13. The invention according to claim 11 and there being a second variable acoustic resistance in the sound access port of the rear wall portions of the housing defining the microphone chamber, said second variable acoustic resistance having a grill with its peripheral edge entirely engaging the housing and preventing passage of sounds into the microphone chamber and around said peripheral edge, the grill of said second acoustic resistance also having a plurality of minute sound transmitting apertures defining clear passages into the microphone chamber and also having an area adjacent said apertures for obstructing passage of sound through the grill of said second resistance, and the second resistance also having a movable masking plate lying flush against the grill and movable to progressively cover and uncover the apertures of the grill of the second sound transmitting resistance, and means confined within the housing for effecting movement of the masking plate of the second acoustic resistance.

BACKGROUND OF THE INVENTION

In a directional hearing aid of the type disclosed in U.S. Reissue Patent RE 27,487, it is important that sound be admitted at both the front and rear of the housing so as to supply sound to both sides of the diaphragm in the microphone. Ordinarily, an acoustic resistance is incorporated at the rear of the microphone so as to introduce a time delay or phase shift in the transmission of sound waves to the diaphragm which enter the rear of the microphone, as compared to those which enter, unimpeded, at the front of the microphone. Thus, as for sounds which originate in front of the microphone, such a phase shift causes sound waves entering the rear of the microphone to have an additive effect in moving the diaphragm along with the sound waves entering the microphone from the front. This additive effect is in contrast to the neutralizing effect of sound waves originating from the rear and reaching the opposite sides of the diaphragm simultaneously to thereby oppose each other and prevent the diaphragm from moving. Of course, this additive effect is transformed into a larger magnitude of signal from the microphone.
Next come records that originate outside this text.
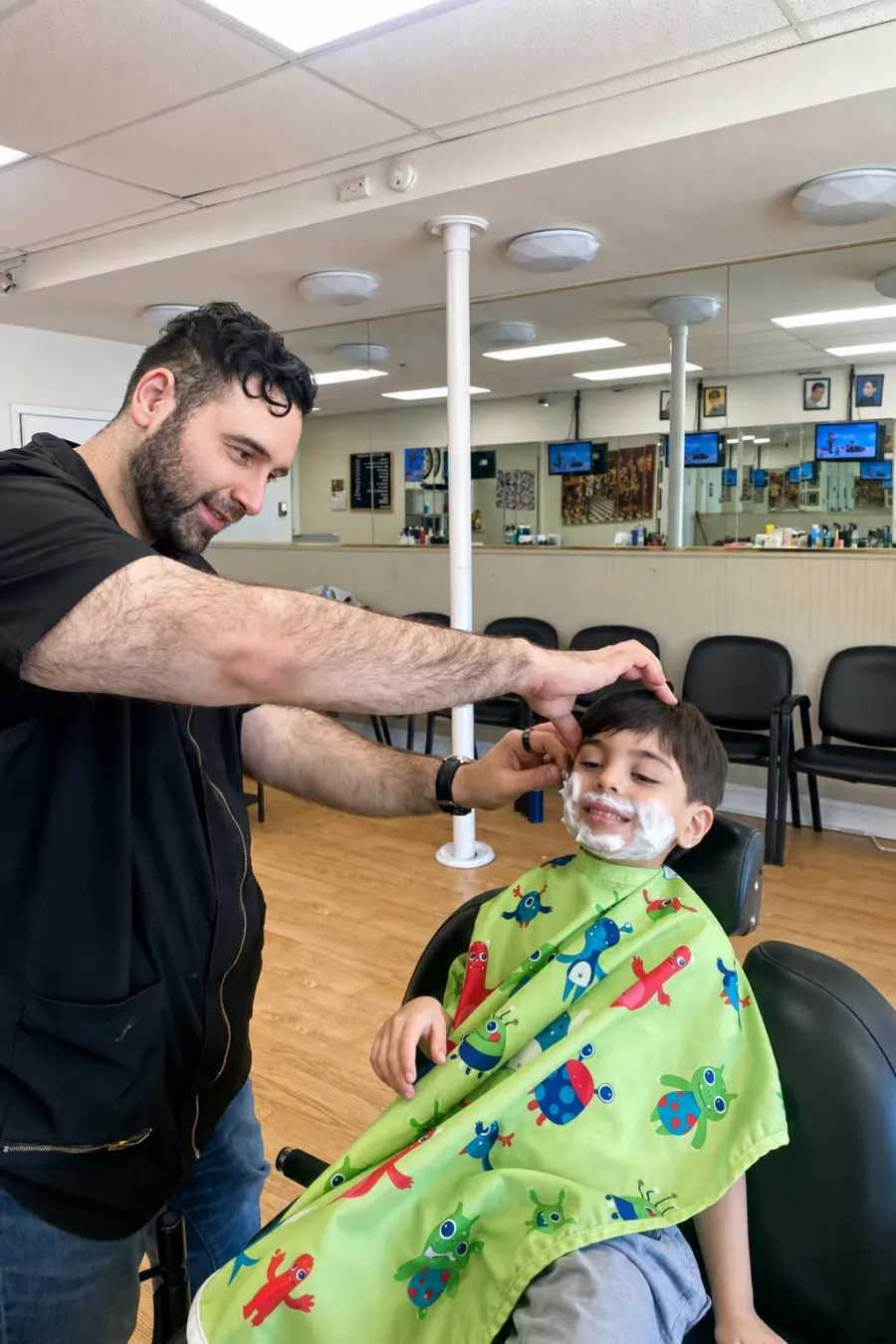 A young customer getting a kids’ haircut at Camp Ave Barbershop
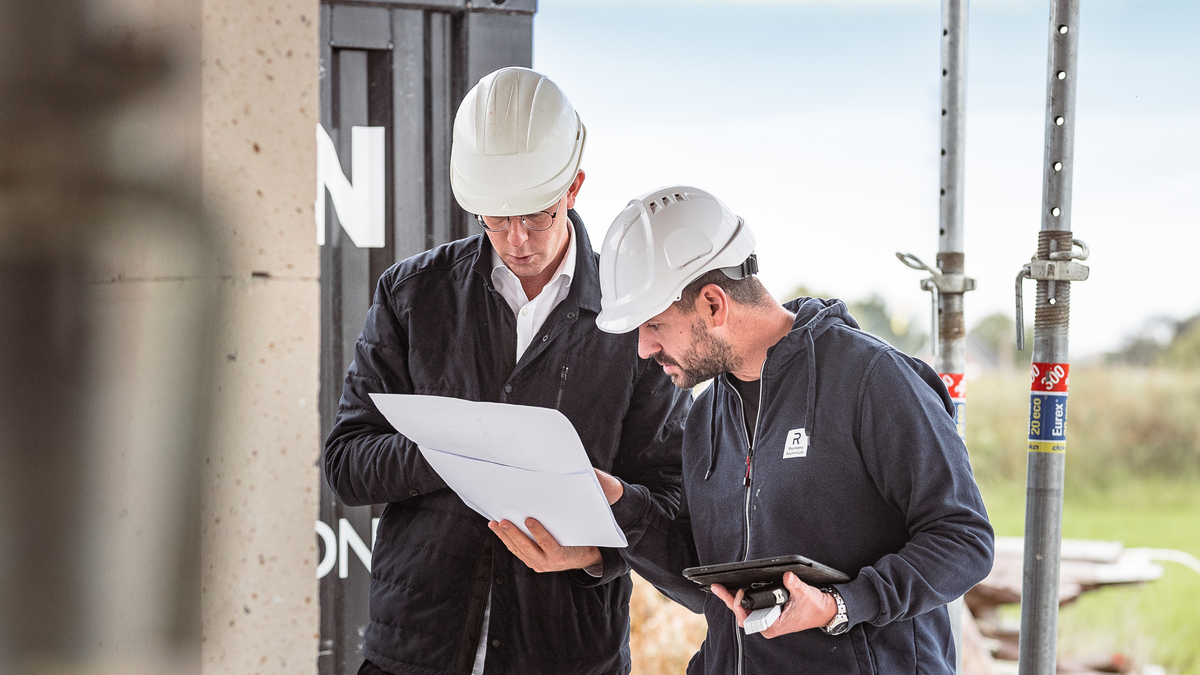 Two men on a building site looking at a piece of paper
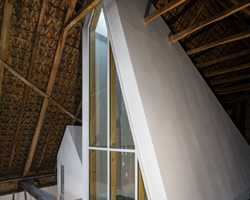 sigurd larsen sets dortmannhof house inside 200-year-old barn in western germany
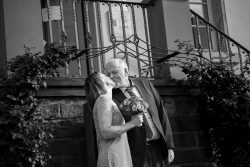 Hochzeitsfotografie Älteres Paar in Schwarz-Weiß vor Gebäude, das sich liebevoll küsst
The microphone with the acoustic resistance at the rear of the microphone responds to sound originating from a location to the rear of the microphone so as to produce more of a neutralizing effect as the sound waves are applied at opposite sides of the diaphragm so that the diaphragm has less magnitude of movement and generates a lesser magnitude of signals for output from the microphone than in the case of sounds which originate from in front of the microphone.

It has been found that the amount of the resistance at the rear of the microphone is rather critical, and that the directional response of the microphone and the hearing aid in which the microphone is incorporated will peak at a rather small range of acoustic resistance, and if the acoustic resistance is either increased or decreased out of such a small range, the directional characteristics of the microphone and hearing aid are considerably reduced.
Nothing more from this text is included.